Barcelona Abroad · Week 3 · Day 10 📊 PPA becomes the rubric

Timing, Numerical Architectures & PPA

CRAFT cycle · 2.5 hours · Tue 6/9 · Eve: Flamenco

HDL for Digital System Design · UCF ECE · Barcelona Summer 2026

CRAFT

Today at a Glance

Phase	Time	Activity
🌍 Contextualize	10 min	Metro precision · Fmax = product spec, not a number
⚠️ Reframe	15 min	Faster clock ≠ better · the critical path owns you
🛠 Assemble	70 min	Adder arch comparison · shift-and-add multiplier · fixed-point Q4.4
🛡 Fortify	45 min	Read `nextpnr` timing report · fill the PPA table · 🤖 AI multiplier critique
🔗 Transfer	10 min	Metro visit teaser · tomorrow UART (everything converges)

The week's habit: no design ships without a PPA row. By Thursday your project module gets one too.

▸ Phase 1 of 5 · ~10 min

🌍 Contextualize

A missed deadline is a safety stop

Timing Runs Barcelona

TMB Metro signalling — train detection and interlocks have hard real-time deadlines. Miss one and the line throws an emergency brake. (We'll see the control room next Monday.)
Semidynamics' RISC-V cores — every vector ALU has a published Fmax per process node. That number sells the chip.
HP large-format printer head — nozzle firing windows are nanoseconds wide. Tomorrow's UART is the gentle introduction.

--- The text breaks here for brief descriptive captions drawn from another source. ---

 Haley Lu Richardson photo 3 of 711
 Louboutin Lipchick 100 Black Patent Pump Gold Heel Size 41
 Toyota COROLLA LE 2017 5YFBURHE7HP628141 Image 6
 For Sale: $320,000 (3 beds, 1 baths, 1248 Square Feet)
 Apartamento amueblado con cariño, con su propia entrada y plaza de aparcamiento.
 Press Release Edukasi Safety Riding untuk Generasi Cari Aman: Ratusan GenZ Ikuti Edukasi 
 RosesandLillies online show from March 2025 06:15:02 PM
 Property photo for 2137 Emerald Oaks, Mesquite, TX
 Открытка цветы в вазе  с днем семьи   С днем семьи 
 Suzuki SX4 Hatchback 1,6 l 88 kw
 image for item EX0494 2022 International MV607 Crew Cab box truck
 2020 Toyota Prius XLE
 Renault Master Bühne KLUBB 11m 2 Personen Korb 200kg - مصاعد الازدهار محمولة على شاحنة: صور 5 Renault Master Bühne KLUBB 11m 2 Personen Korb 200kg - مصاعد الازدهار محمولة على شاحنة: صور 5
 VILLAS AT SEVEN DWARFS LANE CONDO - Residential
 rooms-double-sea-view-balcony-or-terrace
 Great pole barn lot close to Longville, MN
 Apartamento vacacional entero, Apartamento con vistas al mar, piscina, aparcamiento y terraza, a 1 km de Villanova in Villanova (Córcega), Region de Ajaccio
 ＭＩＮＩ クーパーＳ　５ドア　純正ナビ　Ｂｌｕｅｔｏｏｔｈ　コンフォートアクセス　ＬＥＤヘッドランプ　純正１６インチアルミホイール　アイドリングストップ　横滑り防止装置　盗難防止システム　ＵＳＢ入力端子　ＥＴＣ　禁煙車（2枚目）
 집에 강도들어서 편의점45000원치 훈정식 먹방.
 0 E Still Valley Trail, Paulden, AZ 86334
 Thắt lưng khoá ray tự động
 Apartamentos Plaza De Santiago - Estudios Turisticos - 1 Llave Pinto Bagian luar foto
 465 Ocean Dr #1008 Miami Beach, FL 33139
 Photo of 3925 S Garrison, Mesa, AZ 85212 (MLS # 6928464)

From last week → this week

D8 gave you a PPA habit (width sweep). D10 gives it teeth: every PPA row now has a Fmax column. Working code that misses Fmax is a product that doesn't ship.

"My design works in simulation" is a sentence that ends a lot of internships. After today, you'll never trust a sim without a timing report.

▸ Phase 2 of 5 · ~15 min

⚠️ Reframe

Faster ≠ better. Critical path = boss.

⚠️ "Just Crank the Clock"

❌ Wrong Model

"If 25 MHz works, 100 MHz must be faster. Same code, just a different PLL."

✓ Right Model

Every clocked design has an Fmax = 1 / (longest combinational delay between two FFs). Cross that line and your FFs latch garbage. Setup violation = wrong answer, not a slow answer.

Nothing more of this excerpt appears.